Atlantic Ocean crust


The 16,000-kilometer-long (10,000-mile-long) Mid-Atlantic Ridge (MAR) divides the Atlantic longitudinally into two halves. The longest mountain range in the world, the MAR rises two to three kilometers (1.2–1.9 miles) above the surrounding ocean floor. It s rift valley is the divergent boundary between the North American and Eurasian tectonic plates in the North Atlantic and the South American and African plates in the South Atlantic. The MAR produces basaltic volcanoes such as Eyjafjallajökull, Iceland, and produces pillow lava on the ocean floor. [Source: Wikipedia]

Earth’s Largest Waterfall — Is in the Ocean

The world’s largest waterfall is in the ocean beneath the Denmark Strait. Here, outhward-flowing frigid water from the Nordic Seas meets warmer water from the Irminger Sea. The cold, dense water quickly sinks below the warmer water and flows over the huge drop in the ocean floor, creating a downward flow estimated over 123 million cubic feet per second. [Source: NOAA]

Rivers flowing over Earth’s gorges create waterfalls that are natural wonders, drawing millions of visitors to their breathtaking beauty, grandeur, and power. But no waterfall is larger or more powerful than those that lie beneath the ocean, cascading over immense cataracts hidden from our view.

The Denmark Strait separates Iceland and Greenland. At the bottom of the strait are a series of cataracts that begin 610 meters (2,000 feet) under the strait’s surface and plunge to a depth of 3050 meters (10,000 feet) at the southern tip of Greenland—nearly a two-mile drop.

But how can there be waterfalls in the ocean? It’s because cold water is denser than warm water, and in the Denmark Strait, southward-flowing frigid water from the Nordic Seas meets warmer water from the Irminger Sea. The cold, dense water quickly sinks below the warmer water and flows over the huge drop in the ocean floor, creating a downward flow. Because it flows beneath the ocean surface, however, the massive turbulence of the Denmark Strait goes completely undetected without the aid of scientific instruments.

Warmer surface waters flow northward. These warmer waters gradually lose heat to the atmosphere and sink. Denser, cold water flows southward in a deep current along the sea floor over an undersea ridge in the Strait. The height of the Denmark Strait cataract is approximately 3,500 meters (11,500) feet. By comparison, the largest waterfall on land is 980 meters (3,212 feet).



“Leak” in the Bottom of the Ocean?

In 2023, scientists announced the discovery of a “leak” in sea floor off the coast of the Pacific Northwest. The “leak — technically a spring, known as Pythia’s Oasis — is likely venting water from beneath tectonic plates through the Cascadia Subduction Zone fault. Researchers worry the liquid it could increase the likelihood of a destructive earthquake as it is likely acting as a lubricant between the two plates colliding at the fault. [Source: Jackie Appel, Popular Mechanics, April 17, 2023]

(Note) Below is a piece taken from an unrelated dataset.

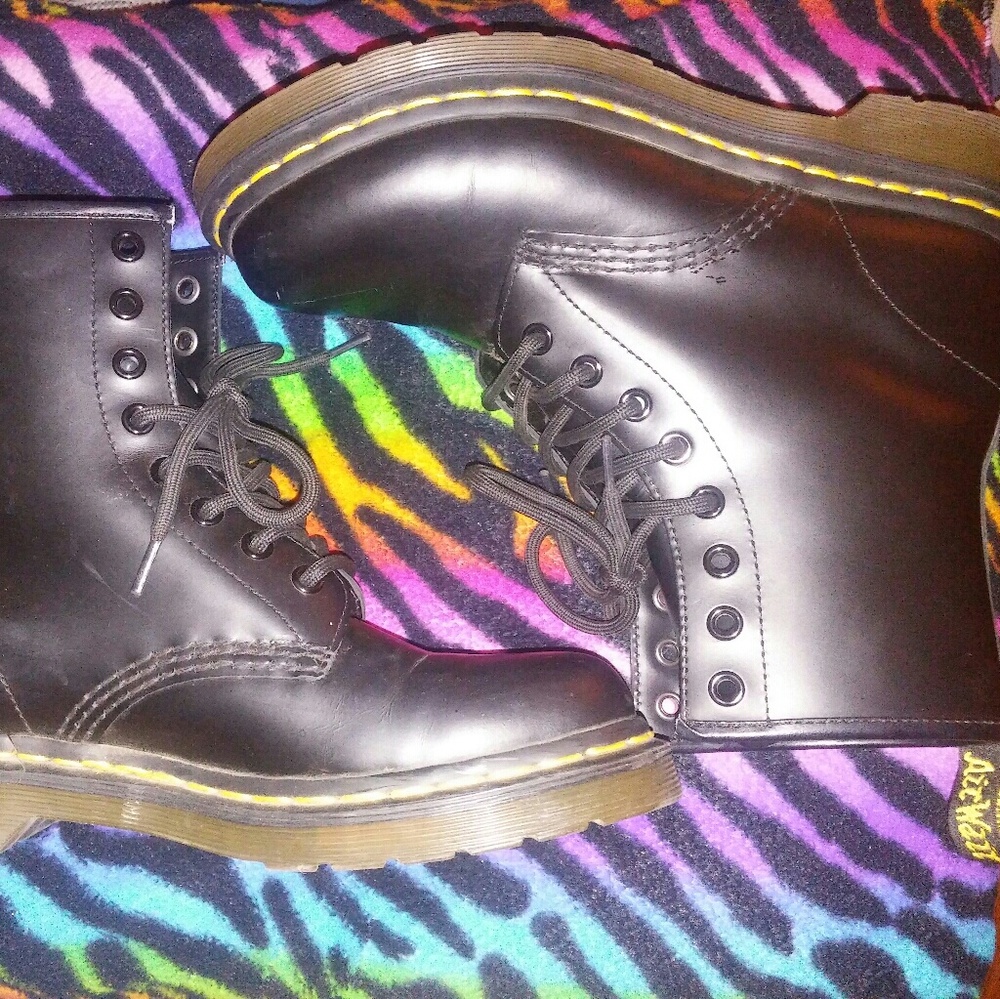 Womans Dr.Martens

Popular Mechanics reported: Technically, it’s a spring, because water is flowing in and not out. But in the ways that matter, it definitely is a leak. It’s a spring of almost-fresh water most welling up from under the ocean floor. It was accidentally discovered by then-grad-student-now-White-House-policy-advisor Brendan Philip—who spotted the bubbles that the spring carried to the surface—and a study on the vent was released by Philip and the rest of the research team from the University of Washington. “They explored in that direction and what they saw was not just methane bubbles, but water coming out of the seafloor like a firehose. That’s something that I’ve never seen, and to my knowledge has not been observed before,” Evan Solomon, a seafloor geologist and one of the authors on the paper, said.

The Cascadian Subduction Zone is a large strike-slip fault off the coast of the Pacific Northwest. That’s where two of the tectonic plates that make up the Earth’s crust meet up and slide alongside each other. And the reserve of water bubbling up from Pythia’s Oasis acts as lubrication between these two plates. “The megathrust fault zone is like an air hockey table,” Solomon said in a news release. “If the fluid pressure is high, it’s like the air is turned on, meaning there’s less friction and the two plates can slip. If the fluid pressure is lower, the two plates will lock – that’s when stress can build up.”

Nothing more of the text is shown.